# DATASET EXCERPTS
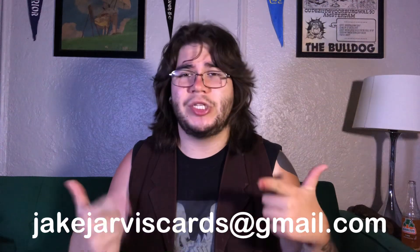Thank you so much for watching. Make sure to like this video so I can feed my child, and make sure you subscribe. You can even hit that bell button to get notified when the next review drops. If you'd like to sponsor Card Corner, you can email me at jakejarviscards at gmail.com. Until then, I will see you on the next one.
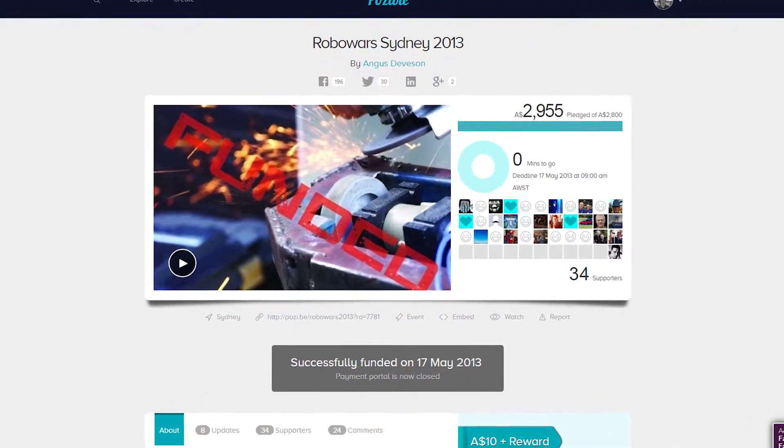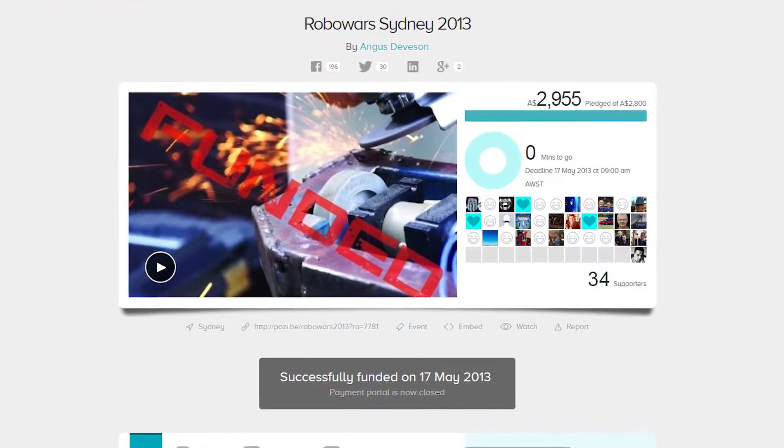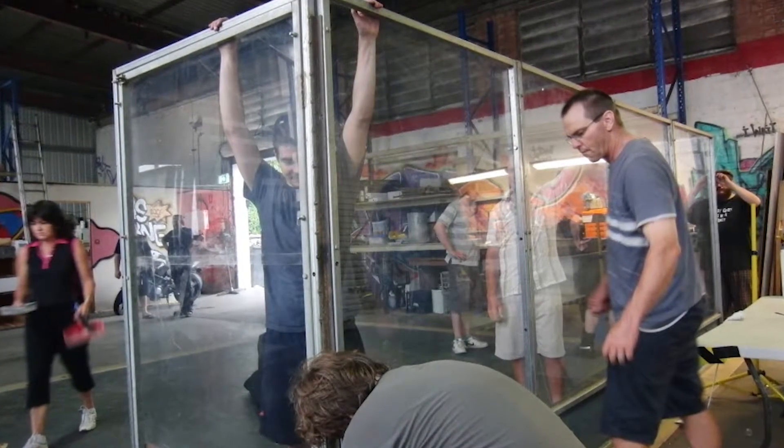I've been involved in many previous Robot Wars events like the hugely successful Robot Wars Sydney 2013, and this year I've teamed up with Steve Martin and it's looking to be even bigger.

...

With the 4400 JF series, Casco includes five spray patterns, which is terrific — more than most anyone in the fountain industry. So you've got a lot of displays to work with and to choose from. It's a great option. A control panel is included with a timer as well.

--

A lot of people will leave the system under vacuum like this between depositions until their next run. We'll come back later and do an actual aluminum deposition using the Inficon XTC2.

# WHAT YOU HAVE TO DO
Starting at the line above that contains "Thank you so", transcribe every line exactly through the line that contains "I've been involved", including that last one, and skip the pictures.

# REPLY
Thank you so much for watching. Make sure to like this video so I can feed my child, and make sure you subscribe. You can even hit that bell button to get notified when the next review drops. If you'd like to sponsor Card Corner, you can email me at jakejarviscards at gmail.com. Until then, I will see you on the next one.
I've been involved in many previous Robot Wars events like the hugely successful Robot Wars Sydney 2013, and this year I've teamed up with Steve Martin and it's looking to be even bigger.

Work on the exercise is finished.